__Aim of the exercise__:
From the entries below, transcribe exactly the lines between the line holding "A la noria instalda" and the line holding "Clothes Louis Vuitton 100", inclusive; skip all other lines.

__Material for this task__:

--- START ---

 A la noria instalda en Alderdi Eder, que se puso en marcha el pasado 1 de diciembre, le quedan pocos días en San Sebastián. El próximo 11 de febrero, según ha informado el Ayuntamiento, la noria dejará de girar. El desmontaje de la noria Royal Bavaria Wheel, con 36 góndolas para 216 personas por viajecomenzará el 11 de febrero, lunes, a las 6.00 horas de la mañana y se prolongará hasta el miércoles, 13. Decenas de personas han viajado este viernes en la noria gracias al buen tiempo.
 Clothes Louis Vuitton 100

--- END ---
--- START ---

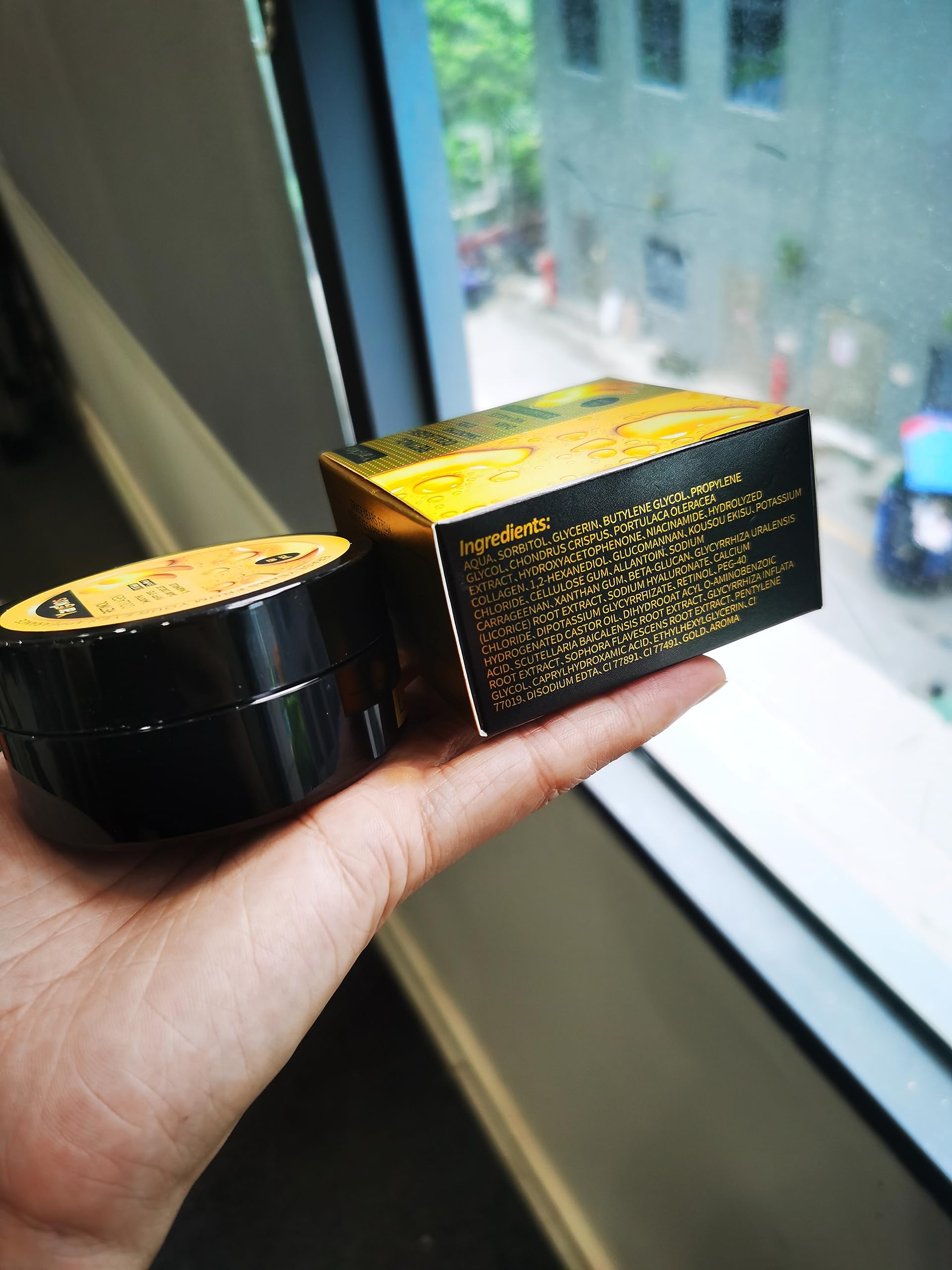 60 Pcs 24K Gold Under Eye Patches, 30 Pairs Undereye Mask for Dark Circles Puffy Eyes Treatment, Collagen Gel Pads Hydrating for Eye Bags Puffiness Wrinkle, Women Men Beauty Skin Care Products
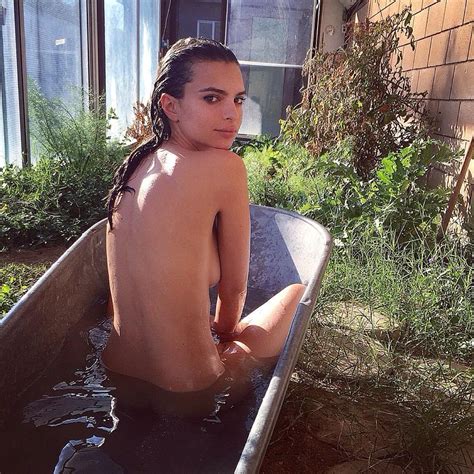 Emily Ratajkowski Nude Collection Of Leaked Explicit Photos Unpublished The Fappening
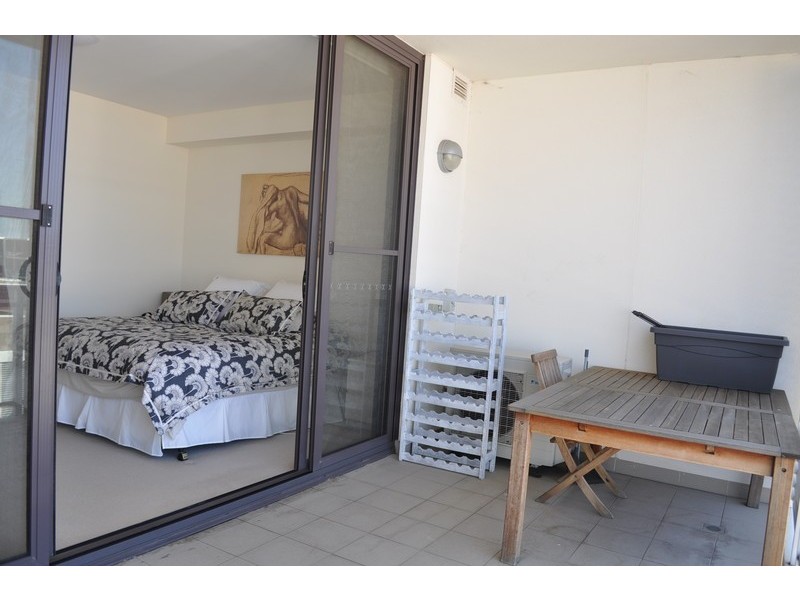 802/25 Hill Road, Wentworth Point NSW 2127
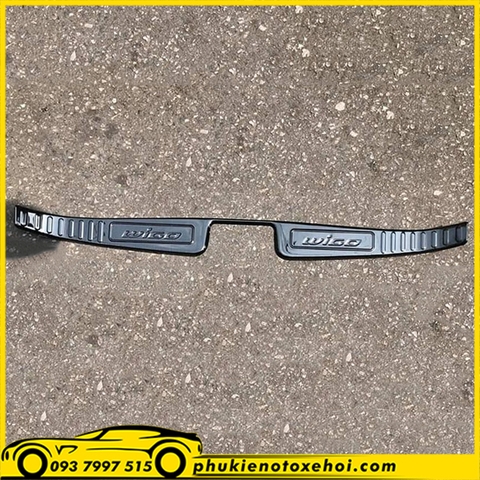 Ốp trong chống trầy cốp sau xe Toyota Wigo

--- END ---
--- START ---

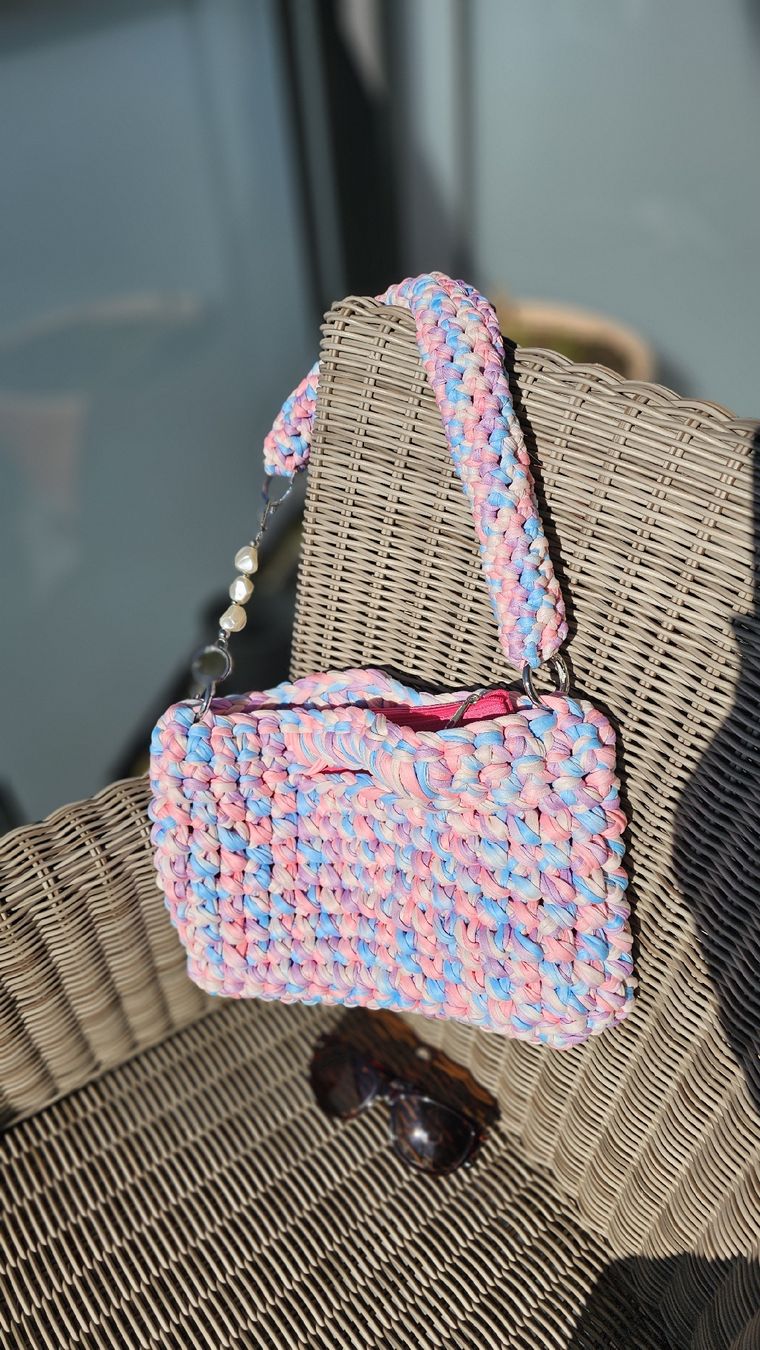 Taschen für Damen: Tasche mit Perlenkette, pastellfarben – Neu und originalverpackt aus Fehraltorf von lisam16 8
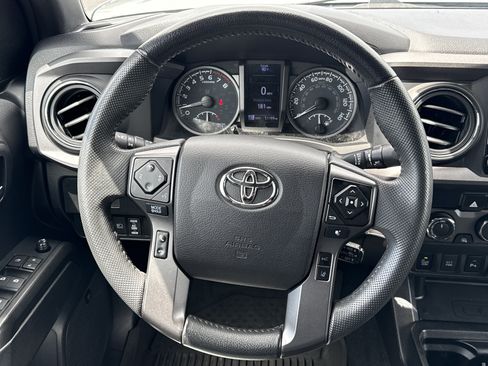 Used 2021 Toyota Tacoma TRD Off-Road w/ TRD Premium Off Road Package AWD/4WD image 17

--- END ---

__Your response__:
 A la noria instalda en Alderdi Eder, que se puso en marcha el pasado 1 de diciembre, le quedan pocos días en San Sebastián. El próximo 11 de febrero, según ha informado el Ayuntamiento, la noria dejará de girar. El desmontaje de la noria Royal Bavaria Wheel, con 36 góndolas para 216 personas por viajecomenzará el 11 de febrero, lunes, a las 6.00 horas de la mañana y se prolongará hasta el miércoles, 13. Decenas de personas han viajado este viernes en la noria gracias al buen tiempo.
 Clothes Louis Vuitton 100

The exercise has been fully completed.